Il rompigrumi elettrico è particolarmente indicato quando:
 
  • il processo è continuo o ad alta intensità di lavoro;
  • è necessario regolare con precisione velocità e coppia;
  • l’azione meccanica deve essere adattata alle caratteristiche della polvere;
  • efficienza energetica e ottimizzazione dei consumi rappresentano criteri importanti.
Il rompigrumi pneumatico può invece risultare adatto quando:
 
  • il funzionamento è prevalentemente intermittente;
  • non è richiesta un’elevata potenza di disgregazione;
  • semplicità e robustezza rappresentano requisiti prioritari.
Non esiste quindi una configurazione universalmente migliore: la soluzione deve essere valutata in funzione delle reali esigenze del processo.

I rompigrumi Italvacuum per il trattamento delle polveri


Italvacuum sviluppa da diversi decenni soluzioni dedicate alla gestione e al trattamento delle polveri in condizioni di processo complesse.
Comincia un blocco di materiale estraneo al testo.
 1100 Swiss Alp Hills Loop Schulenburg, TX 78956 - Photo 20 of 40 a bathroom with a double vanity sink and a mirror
Già nel 1989, con lo sviluppo dei primi CRIOX® System, l’azienda ha introdotto apparecchiature destinate alla lavorazione di prodotti sensibili in condizioni di vuoto e in ambienti controllati.
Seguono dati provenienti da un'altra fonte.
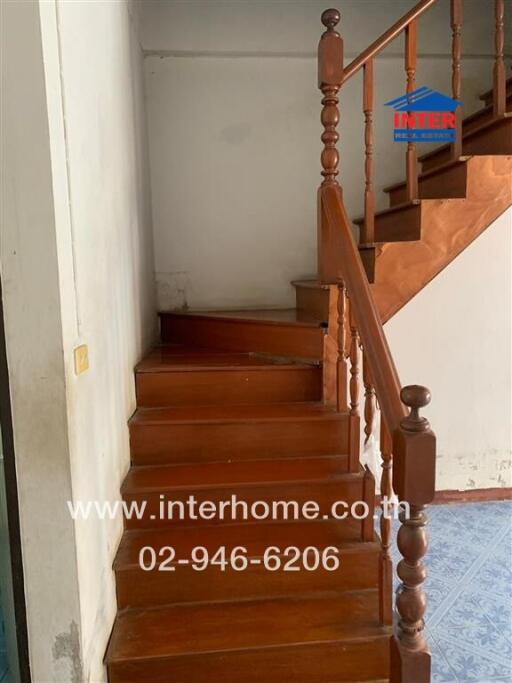 Wooden staircase with varnished handrails in a residence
All’interno di queste soluzioni trovano applicazione anche i rompigrumi, utilizzati per disgregare gli agglomerati che possono formarsi durante le fasi di lavorazione, essiccamento o movimentazione delle polveri.


Rompigrumi integrato nel sistema di processo per la disgregazione degli agglomerati durante il trattamento delle polveri.

La loro integrazione nei sistemi di processo contribuisce a mantenere una granulometria più uniforme, migliorare la scorrevolezza del prodotto e garantire continuità nelle successive fasi di lavorazione.

I rompigrumi Italvacuum sono disponibili in versione ATEX per l’impiego in atmosfere potenzialmente esplosive, sono progettati in conformità alle normative CE e realizzati nel rispetto degli standard FDA e cGMP.

L’utilizzo di materiali come AISI 316L e C22 garantisce inoltre resistenza alla corrosione e compatibilità con applicazioni critiche nei settori farmaceutico, della chimica e della chimica fine.

Una scelta che incide sull’intero processo


La scelta tra azionamento elettrico e pneumatico non riguarda soltanto il funzionamento del rompigrumi: può influire sul controllo del processo, sulla continuità operativa, sui consumi e sull’efficienza energetica complessiva dell’impianto.

Valutare il sistema in funzione delle caratteristiche del prodotto e delle condizioni operative consente di individuare la configurazione più adatta alla specifica applicazione.